_PROBLEM DETAILS_. Write the records below out in full, character for character, with no pictures.
------------------------------------
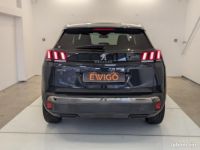 Peugeot 3008 1.5 BLUEHDI 130ch ACTIVE BUSINESS PACK - <small></small> 13.480 € <small>TTC</small> - #5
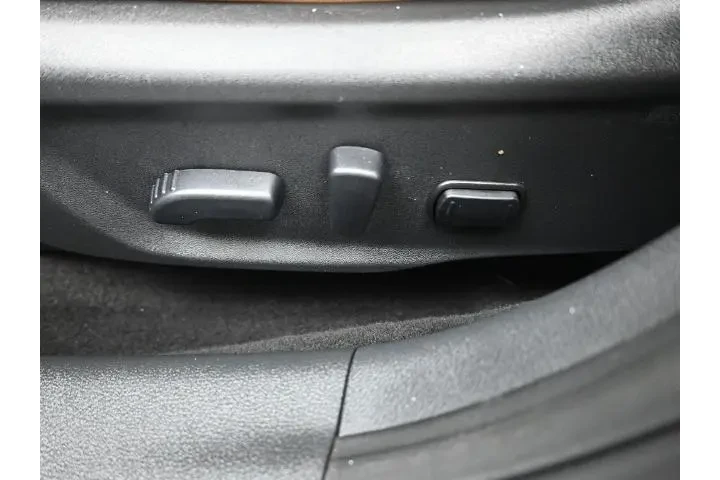 $20991 : Nissan Sentra 2024 SV 4dr Se image 7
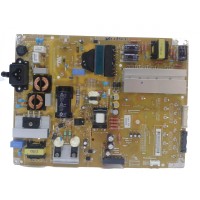 EAX65424001(2.3) , LGP42-14LPB , LG 42LB670 , LGP4750-14LPB ,  POWER BOARD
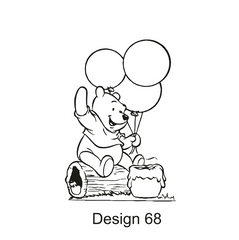 Stainless Steel Plate Sets - The Little Gift Co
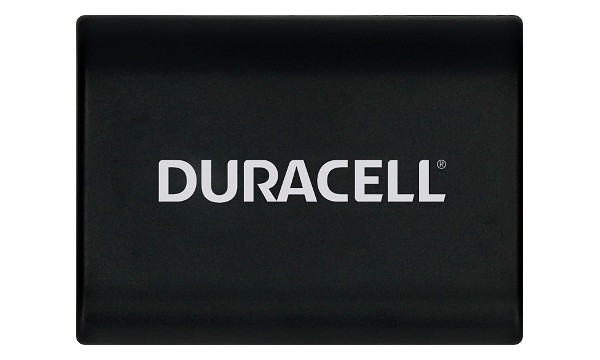 DLC2L12 Battery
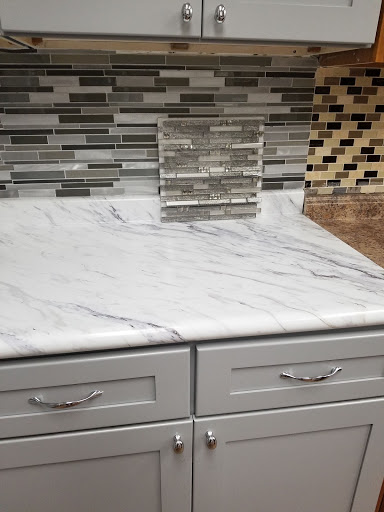 Cabinet Store «Weisman Home Outlets», reviews and photos, 218-01 Merrick Blvd, Springfield Gardens, NY 11413, USA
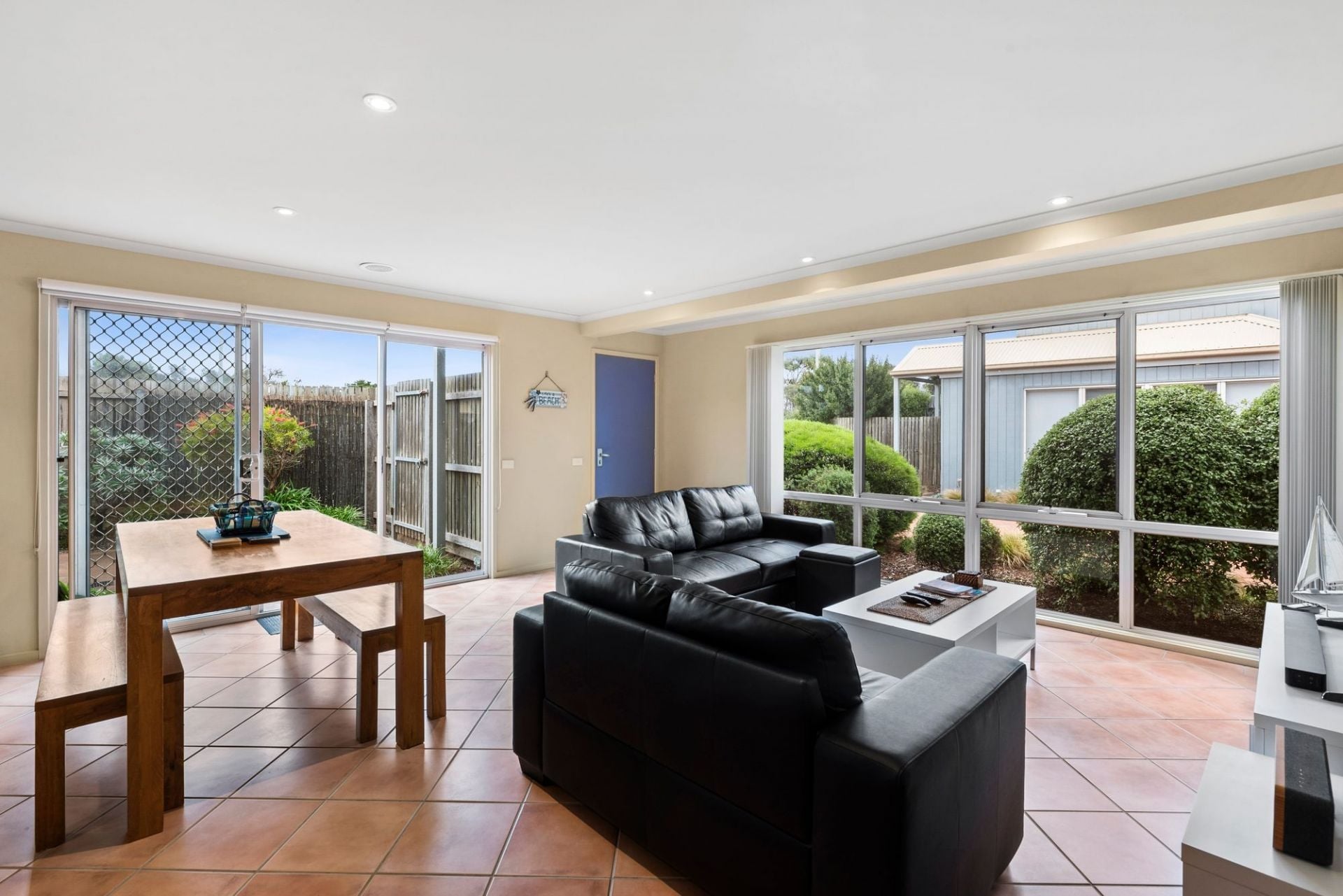 6/5-7 Orton Street Ocean Grove VIC, Ocean Grove - Thumbnail 3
------------------------------------
_WORKED SOLUTION_.
 Peugeot 3008 1.5 BLUEHDI 130ch ACTIVE BUSINESS PACK - <small></small> 13.480 € <small>TTC</small> - #5
 $20991 : Nissan Sentra 2024 SV 4dr Se image 7
 EAX65424001(2.3) , LGP42-14LPB , LG 42LB670 , LGP4750-14LPB ,  POWER BOARD
 Stainless Steel Plate Sets - The Little Gift Co
 DLC2L12 Battery
 Cabinet Store «Weisman Home Outlets», reviews and photos, 218-01 Merrick Blvd, Springfield Gardens, NY 11413, USA
 6/5-7 Orton Street Ocean Grove VIC, Ocean Grove - Thumbnail 3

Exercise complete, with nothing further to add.